Persis gasped. Could it be that simple?

“Are you all right?” Justen asked.

She nodded, swallowing. Justen’s message continued.

Take this information and guard your friends and allies, here and in Galatea. It might take a while to produce enough of the Helo Cure to protect the entire nation, but if they all take it, they will be able to defend themselves, aristo and reg alike, from the revolutionaries’ terrible weapon.

With your help, I can begin to atone for the harm I’ve caused my countrymen and keep anyone else from being hurt like this again. Once, Persistence Helo was the hope of all New Pacifica. I’d hoped to follow in her footsteps, but I recognize now that you are the one who will save us.

You are the hope of every true patriot of my homeland.

Persis tightened her hands on Justen’s shoulders and buried her face against his chest.

“You’re not all right,” he said. “Too near the fire?”

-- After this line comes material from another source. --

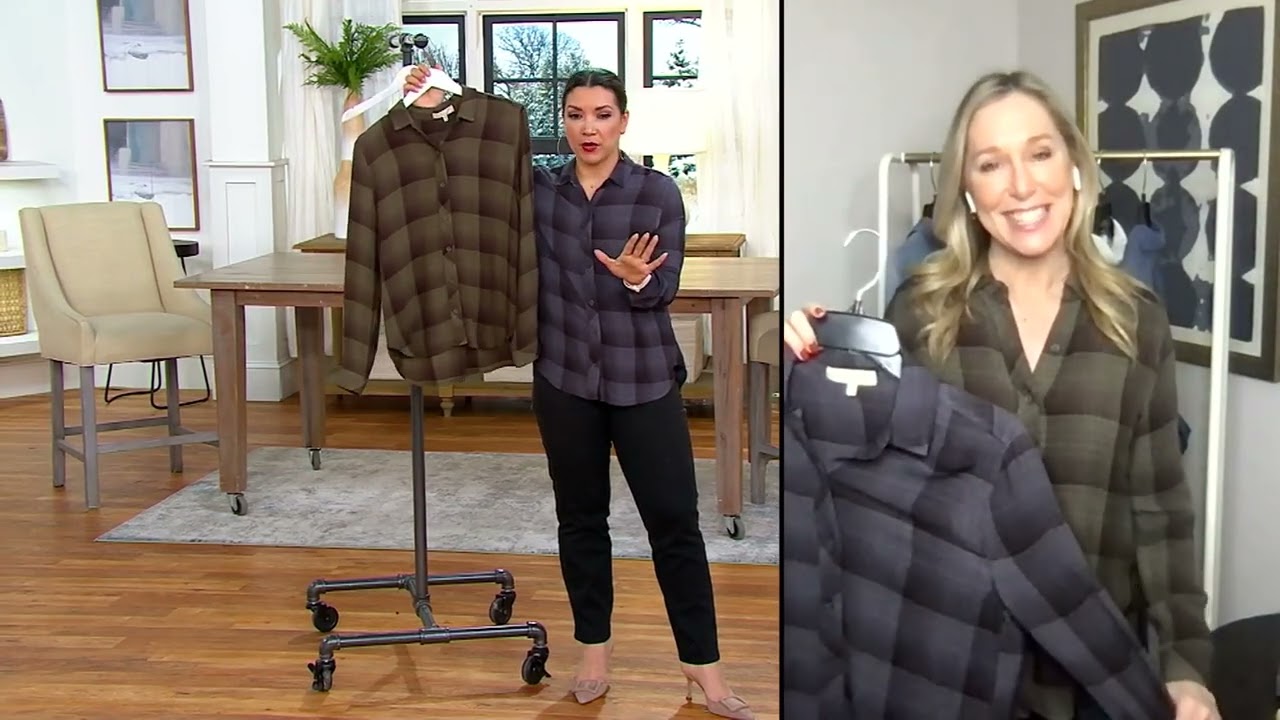Side Stitch Long Sleeve Plaid Button Down Top on QVC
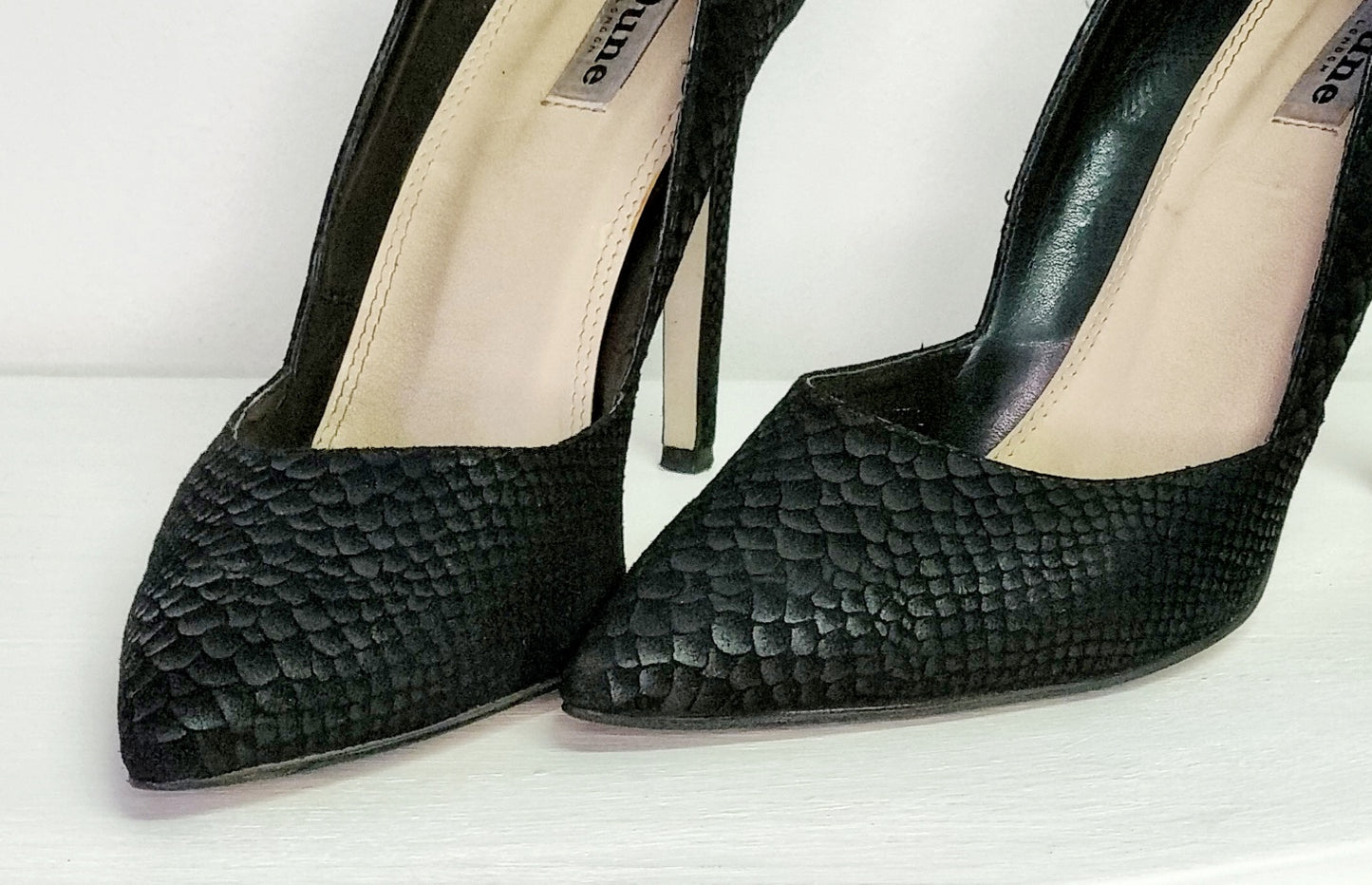 Dune London - Black Snake Print Heeled Court Shoe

“Justen,” she breathed. There was no question he was telling the truth. There was no possible purpose his lie would serve. Noemi could easily verify or dismiss his claims. She fluttered the medic at once, to be sure, but not a doubt remained in Persis’s mind. Everything fit—it fit what she knew of what was happening in Galatea; it fit with Vania’s befriending Andromeda and Tomorrow; it fit with the way Justen had been tied to his grandmother’s oblets and his nanorector models for the last day and a half; and it fit, most of all, with what she knew about Justen—what she’d known all along, if she’d been completely honest with herself.

And maybe it was time to be honest with him, too. She took a deep, shuddering breath. I’m the Wild Poppy. I’m the Wild Poppy. I’m the Wild Poppy. “I’m—”

Another flutter slipped into her palm.

Persis,

Your mother is ill. Bring Justen at once.

Love and duty,

Torin Blake

Her head shot up. “We have to find my parents.”